Information provided:
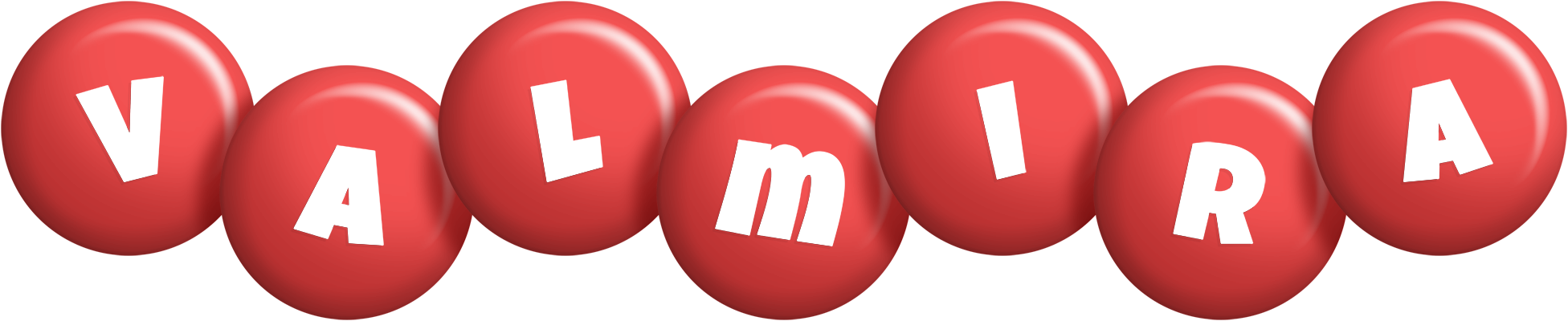 Valmira candy-red logo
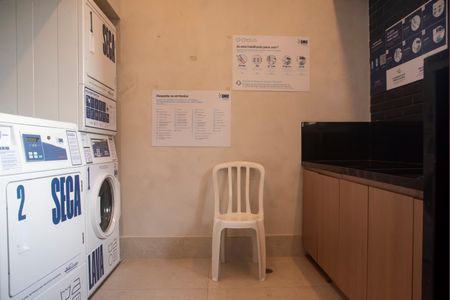 Studio para alugar com 21m², 1 quarto e sem vagaÁrea comum - Lavanderia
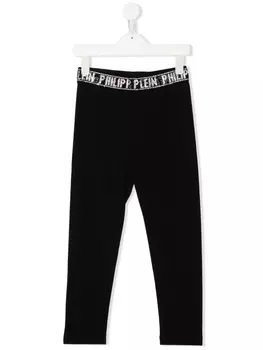 Philipp Plein легинсы с логотипом, черный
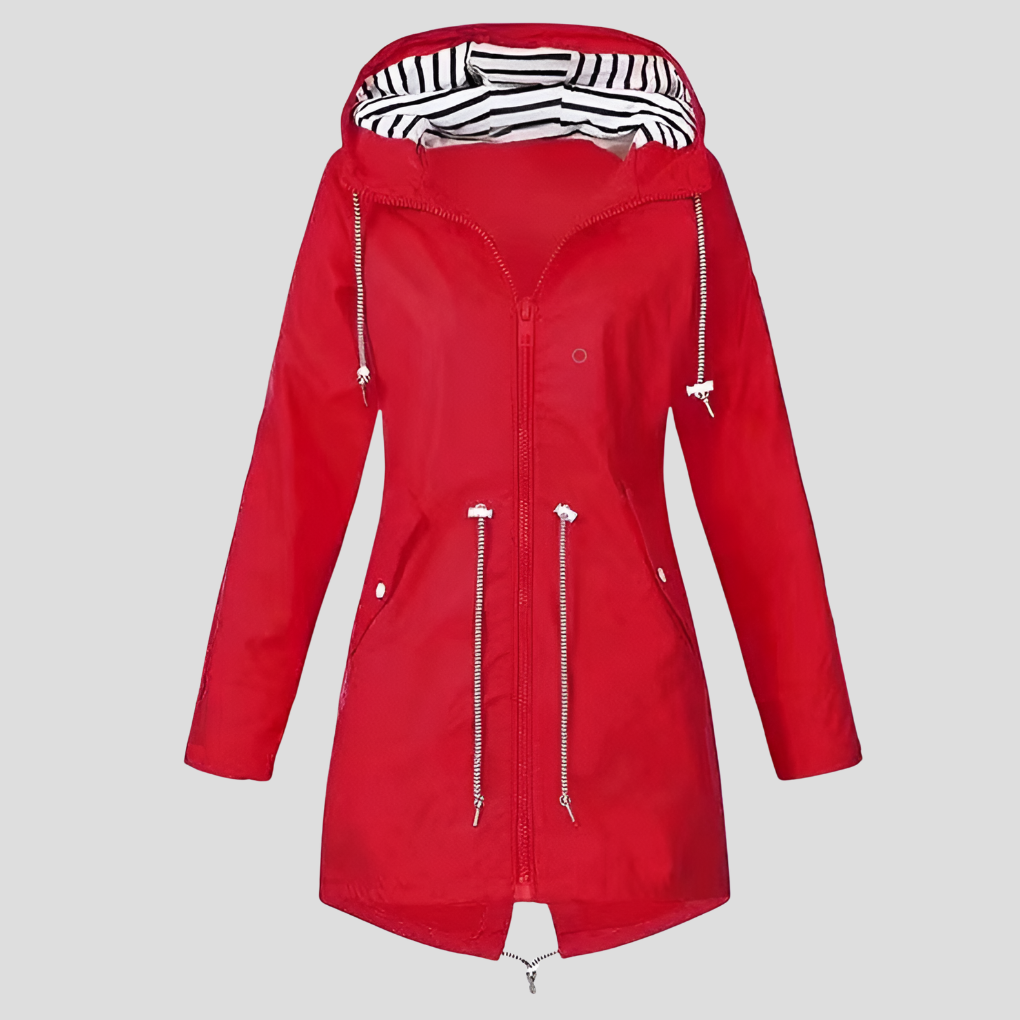 Waterproof Women's Hooded Rain Jacket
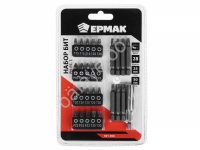 Набор бит на блистере 28 предметов, 20 бит 25мм, 7 бит 50мм, магнитный адаптер 60мм ЕРМАК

Work to complete:
Print only the lines from the one with "Studio para alugar" through the last line of the data above, exactly and with both ends, and please omit any pictures.

Output below:
 Studio para alugar com 21m², 1 quarto e sem vagaÁrea comum - Lavanderia
 Philipp Plein легинсы с логотипом, черный
 Waterproof Women's Hooded Rain Jacket
 Набор бит на блистере 28 предметов, 20 бит 25мм, 7 бит 50мм, магнитный адаптер 60мм ЕРМАК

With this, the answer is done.